This is a small demonstration of a project I’ve been working on. Mainly meant to showcase it to interviewers or clients :)
Index
Context
Issues with Paid APIs
- Most algotrading APIs are quite restrictive. You can only call them a few times per minute. We can fetch prices of multiple scripts at once at the cost of making our code complex. Your classes and functions would start needing an additional higher order iterator to deal with a single class/function acting on one security.
- Real time prices -> via blocking web sockets (one thread or process will need to be dedicated for this). Historical prices via REST API. This undeniably increases code complexity.
- Limits on the number of web socket connections -> Each algo of yours would run as a separate process. Brokers limit the number of web socket connections to 3 or 5. This stops us from running more processes.
- Difficult to make it system agnostic (centralise using the cloud) given that in most cases we need our own custom handlers apart from the paid APIs.
- Restrictive clients provided by service providers.
- Need to restart if a configuration change takes place.
- Difficult to parallelise.
- Difficult to use multiple data providers.
Objectives
- abstract away all the above mentioned complexities.
- cater to a much larger scale by relying on in-house infrastructure.
- smarter and faster client side code to better handle faults.
- one unified system to handle data from different service providers.

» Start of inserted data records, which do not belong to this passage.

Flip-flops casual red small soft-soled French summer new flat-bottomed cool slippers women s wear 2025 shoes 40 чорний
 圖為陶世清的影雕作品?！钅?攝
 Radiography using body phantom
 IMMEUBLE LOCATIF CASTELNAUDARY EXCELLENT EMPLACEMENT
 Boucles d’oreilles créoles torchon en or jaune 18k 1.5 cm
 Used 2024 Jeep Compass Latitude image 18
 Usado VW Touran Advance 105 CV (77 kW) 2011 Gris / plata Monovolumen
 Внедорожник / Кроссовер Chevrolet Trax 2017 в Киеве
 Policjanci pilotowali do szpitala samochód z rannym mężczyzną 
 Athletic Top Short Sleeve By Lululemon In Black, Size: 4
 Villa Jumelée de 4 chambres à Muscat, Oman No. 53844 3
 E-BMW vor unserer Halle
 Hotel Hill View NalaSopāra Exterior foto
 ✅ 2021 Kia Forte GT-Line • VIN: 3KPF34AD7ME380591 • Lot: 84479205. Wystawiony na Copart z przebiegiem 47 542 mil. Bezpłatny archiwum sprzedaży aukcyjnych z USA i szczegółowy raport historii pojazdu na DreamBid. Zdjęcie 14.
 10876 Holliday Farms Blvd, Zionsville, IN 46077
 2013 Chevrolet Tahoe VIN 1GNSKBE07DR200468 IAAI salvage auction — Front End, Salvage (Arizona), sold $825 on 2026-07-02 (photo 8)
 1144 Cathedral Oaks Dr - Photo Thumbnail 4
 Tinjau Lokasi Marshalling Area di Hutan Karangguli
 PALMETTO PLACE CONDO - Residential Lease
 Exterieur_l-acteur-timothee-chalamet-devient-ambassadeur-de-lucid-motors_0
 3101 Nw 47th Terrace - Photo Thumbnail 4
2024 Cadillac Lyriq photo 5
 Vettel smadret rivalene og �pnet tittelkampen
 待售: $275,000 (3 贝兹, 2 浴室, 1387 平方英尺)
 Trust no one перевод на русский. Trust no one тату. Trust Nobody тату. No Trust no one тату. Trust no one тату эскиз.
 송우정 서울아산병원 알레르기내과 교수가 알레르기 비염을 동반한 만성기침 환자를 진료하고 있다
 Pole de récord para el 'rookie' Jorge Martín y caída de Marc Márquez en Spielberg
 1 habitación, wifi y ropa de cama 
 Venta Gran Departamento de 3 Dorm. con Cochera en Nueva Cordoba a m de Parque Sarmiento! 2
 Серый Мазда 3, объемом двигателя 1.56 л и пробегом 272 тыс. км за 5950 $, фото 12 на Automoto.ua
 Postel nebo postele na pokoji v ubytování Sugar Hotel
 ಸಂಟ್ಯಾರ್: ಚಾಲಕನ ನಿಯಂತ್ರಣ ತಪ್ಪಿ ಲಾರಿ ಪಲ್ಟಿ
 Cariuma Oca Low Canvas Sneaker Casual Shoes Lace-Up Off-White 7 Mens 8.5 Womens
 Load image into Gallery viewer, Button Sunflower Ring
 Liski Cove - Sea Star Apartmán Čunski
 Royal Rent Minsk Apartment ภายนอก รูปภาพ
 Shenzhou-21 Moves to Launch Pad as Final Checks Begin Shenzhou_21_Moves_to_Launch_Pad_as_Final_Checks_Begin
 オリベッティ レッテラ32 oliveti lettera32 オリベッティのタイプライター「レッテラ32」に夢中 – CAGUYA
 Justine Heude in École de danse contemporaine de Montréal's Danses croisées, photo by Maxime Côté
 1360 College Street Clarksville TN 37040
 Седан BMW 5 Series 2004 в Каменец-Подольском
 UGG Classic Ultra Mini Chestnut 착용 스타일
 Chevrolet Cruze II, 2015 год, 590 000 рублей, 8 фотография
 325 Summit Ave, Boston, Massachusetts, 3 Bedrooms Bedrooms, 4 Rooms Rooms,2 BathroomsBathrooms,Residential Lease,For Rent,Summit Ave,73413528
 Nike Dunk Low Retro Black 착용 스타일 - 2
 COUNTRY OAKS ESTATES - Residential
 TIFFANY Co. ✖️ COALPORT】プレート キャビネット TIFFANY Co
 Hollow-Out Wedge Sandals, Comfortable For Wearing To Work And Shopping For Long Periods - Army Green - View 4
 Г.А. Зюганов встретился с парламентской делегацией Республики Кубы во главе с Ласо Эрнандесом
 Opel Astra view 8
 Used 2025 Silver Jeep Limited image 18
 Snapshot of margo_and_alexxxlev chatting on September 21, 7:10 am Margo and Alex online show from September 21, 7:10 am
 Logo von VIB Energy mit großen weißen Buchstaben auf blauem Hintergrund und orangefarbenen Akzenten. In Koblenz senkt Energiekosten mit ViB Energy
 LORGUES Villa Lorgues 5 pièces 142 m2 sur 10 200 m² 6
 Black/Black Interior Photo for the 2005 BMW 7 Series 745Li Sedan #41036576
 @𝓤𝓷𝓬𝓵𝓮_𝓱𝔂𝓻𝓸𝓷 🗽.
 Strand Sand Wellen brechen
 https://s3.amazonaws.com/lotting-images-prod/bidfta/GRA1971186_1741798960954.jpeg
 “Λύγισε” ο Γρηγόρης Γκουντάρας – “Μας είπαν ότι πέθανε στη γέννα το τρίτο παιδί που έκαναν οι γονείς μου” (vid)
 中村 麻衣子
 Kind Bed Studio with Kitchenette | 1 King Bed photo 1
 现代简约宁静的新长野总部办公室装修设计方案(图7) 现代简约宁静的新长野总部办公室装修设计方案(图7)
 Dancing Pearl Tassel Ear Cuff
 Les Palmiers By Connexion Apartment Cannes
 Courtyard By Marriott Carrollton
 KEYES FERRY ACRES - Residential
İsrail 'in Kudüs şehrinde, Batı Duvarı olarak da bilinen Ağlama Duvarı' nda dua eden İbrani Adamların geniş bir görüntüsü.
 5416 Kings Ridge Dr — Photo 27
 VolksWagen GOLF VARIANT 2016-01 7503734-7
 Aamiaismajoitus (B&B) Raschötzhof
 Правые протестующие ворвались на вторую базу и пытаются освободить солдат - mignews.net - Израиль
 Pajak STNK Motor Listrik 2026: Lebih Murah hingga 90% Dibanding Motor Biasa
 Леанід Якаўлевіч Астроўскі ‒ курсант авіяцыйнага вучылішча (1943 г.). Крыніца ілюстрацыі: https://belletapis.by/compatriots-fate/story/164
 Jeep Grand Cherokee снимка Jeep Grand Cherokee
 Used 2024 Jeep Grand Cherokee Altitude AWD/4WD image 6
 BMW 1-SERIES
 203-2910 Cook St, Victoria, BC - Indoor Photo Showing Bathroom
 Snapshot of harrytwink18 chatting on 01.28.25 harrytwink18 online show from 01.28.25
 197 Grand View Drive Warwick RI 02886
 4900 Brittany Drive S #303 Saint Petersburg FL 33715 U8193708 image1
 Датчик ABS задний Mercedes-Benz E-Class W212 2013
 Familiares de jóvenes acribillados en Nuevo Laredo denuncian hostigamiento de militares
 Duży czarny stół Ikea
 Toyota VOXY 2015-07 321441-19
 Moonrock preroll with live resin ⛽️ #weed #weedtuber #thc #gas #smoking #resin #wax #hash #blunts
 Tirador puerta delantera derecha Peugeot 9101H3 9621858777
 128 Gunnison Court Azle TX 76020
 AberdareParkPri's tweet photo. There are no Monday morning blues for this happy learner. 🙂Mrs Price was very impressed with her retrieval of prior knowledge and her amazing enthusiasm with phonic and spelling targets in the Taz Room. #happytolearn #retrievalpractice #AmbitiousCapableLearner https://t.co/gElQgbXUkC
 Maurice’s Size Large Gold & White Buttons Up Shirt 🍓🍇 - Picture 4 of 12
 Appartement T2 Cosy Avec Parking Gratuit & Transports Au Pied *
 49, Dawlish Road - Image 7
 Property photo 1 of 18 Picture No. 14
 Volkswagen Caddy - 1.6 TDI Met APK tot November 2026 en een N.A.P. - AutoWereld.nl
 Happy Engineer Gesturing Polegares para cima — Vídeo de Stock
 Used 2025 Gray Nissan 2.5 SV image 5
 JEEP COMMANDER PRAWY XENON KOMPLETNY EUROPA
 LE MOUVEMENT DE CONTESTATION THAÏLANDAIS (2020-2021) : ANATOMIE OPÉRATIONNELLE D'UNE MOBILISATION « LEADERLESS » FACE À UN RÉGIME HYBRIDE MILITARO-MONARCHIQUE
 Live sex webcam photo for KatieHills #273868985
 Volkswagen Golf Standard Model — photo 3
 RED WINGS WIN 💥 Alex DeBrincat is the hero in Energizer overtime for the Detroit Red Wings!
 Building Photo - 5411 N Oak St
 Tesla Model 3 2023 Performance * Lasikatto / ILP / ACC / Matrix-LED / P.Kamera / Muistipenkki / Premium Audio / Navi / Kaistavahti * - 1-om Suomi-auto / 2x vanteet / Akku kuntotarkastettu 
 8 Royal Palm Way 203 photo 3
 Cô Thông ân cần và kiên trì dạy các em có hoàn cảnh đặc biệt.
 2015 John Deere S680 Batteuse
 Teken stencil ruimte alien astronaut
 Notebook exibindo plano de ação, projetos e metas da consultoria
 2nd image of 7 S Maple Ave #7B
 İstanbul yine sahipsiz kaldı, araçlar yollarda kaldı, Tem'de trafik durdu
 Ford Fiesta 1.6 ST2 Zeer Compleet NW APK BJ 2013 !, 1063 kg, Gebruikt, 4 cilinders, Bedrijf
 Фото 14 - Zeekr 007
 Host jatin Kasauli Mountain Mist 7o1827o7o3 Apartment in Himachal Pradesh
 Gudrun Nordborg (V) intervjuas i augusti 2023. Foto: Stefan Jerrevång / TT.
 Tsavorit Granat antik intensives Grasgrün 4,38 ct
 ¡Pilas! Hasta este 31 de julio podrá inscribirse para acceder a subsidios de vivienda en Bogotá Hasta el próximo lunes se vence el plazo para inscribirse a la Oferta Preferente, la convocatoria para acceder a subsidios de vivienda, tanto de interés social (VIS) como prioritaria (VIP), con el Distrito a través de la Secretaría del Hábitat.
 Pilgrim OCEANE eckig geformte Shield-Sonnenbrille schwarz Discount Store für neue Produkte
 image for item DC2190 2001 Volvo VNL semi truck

- reduce data provider cost.
Features
Distributed Web Sockets
- Separate group of processes exposed over an API.
- Go Lang is used to fetch real time prices over web sockets.
- Number of workers can be specified. For example you can ask it to get real time prices of 100 scripts using 3 workers. It would evenly split the load across 3 workers.
- Can be controlled using a REST API. New subscriptions can be added, existing instruments can be stopped without restarting the application.
- No disruptions because a restart isn’t needed.
Run Everywhere, Control from Anywhere
- One can register any number of computers (laptops, EC2 instances, Docker containers) by running a small custom processmanager on it.
- It can then be further expanded to get some more system statistics. You can also submit jobs/algos to execute on them.
- This makes it really convinient to start and stop algos without having to SSH into servers, logging into your laptop. One can login from anywhere and keep track of various on-going tasks.
Centralised Risk Management
- Risk management should be centralised. The various algos running should communicate with each other and take informed decisions.
- One can observe max risk change everyday and spot trends.
- Dashboard to tune risk and drawdown.
Unified Interface
- Sensible intuitive APIs. One API for both real time and historical prices using real time workers. Makes writing programs a lot easier.
- Can easily be expanded to support multiple data providers using bridges and adapters.
- Extendienble normalised data models for the same.
Ease of Access
Tech Stack
-
Languages Used: Go, Python, Node.js
-
Databases Used: Cassandra, PostgreSQL, MongoDB, Redis
-
Libraries and Frameworks
- Python: Flask, numpy, pandas, APScheduler, multiprocessing
- Node.js: React, Ant UI
- Go: Go Gin, KiteConnect, gabs
-
Quite a few places required intricate parallel or concurrent code with coordination using locks, semaphores and databases.
-
Data cleaning, finding the optimal update periods to reduce intervals of stale data and network cost.
-
Complex functional and object oriented paradigms for client algo classes.